--- Task requirements ---
Only certain lines below are wanted: those starting at the line containing "free Greenway condensing boiler quotes" and ending at the line containing "64 State Route", both included, each retyped exactly.

--- Extracted material ---
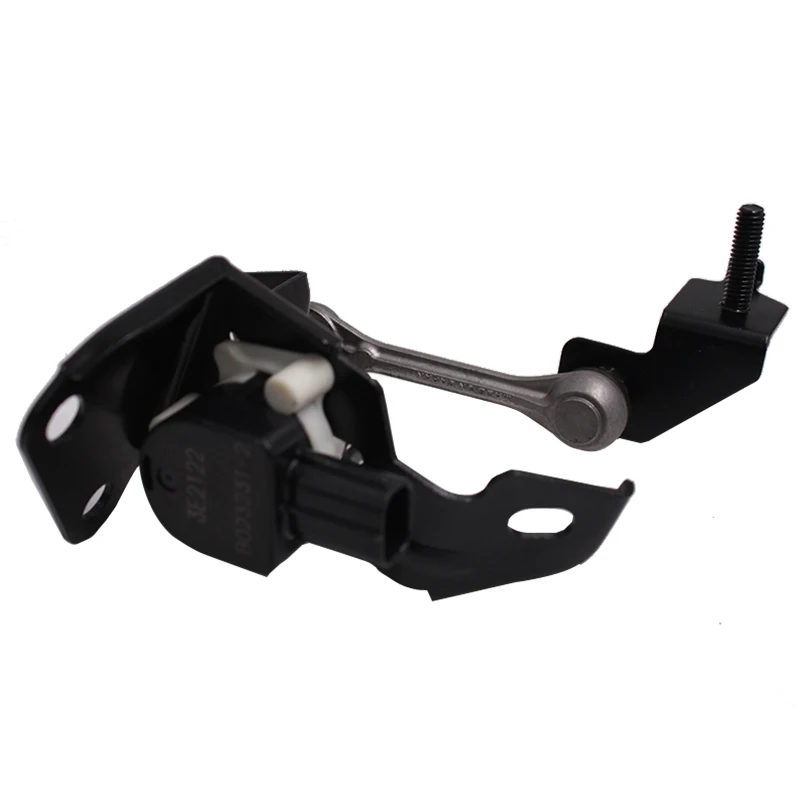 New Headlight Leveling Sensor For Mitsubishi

* * *

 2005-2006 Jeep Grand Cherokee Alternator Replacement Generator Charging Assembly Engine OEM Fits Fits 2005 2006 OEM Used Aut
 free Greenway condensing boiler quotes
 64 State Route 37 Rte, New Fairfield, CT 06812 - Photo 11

--- Answer box ---
 free Greenway condensing boiler quotes
 64 State Route 37 Rte, New Fairfield, CT 06812 - Photo 11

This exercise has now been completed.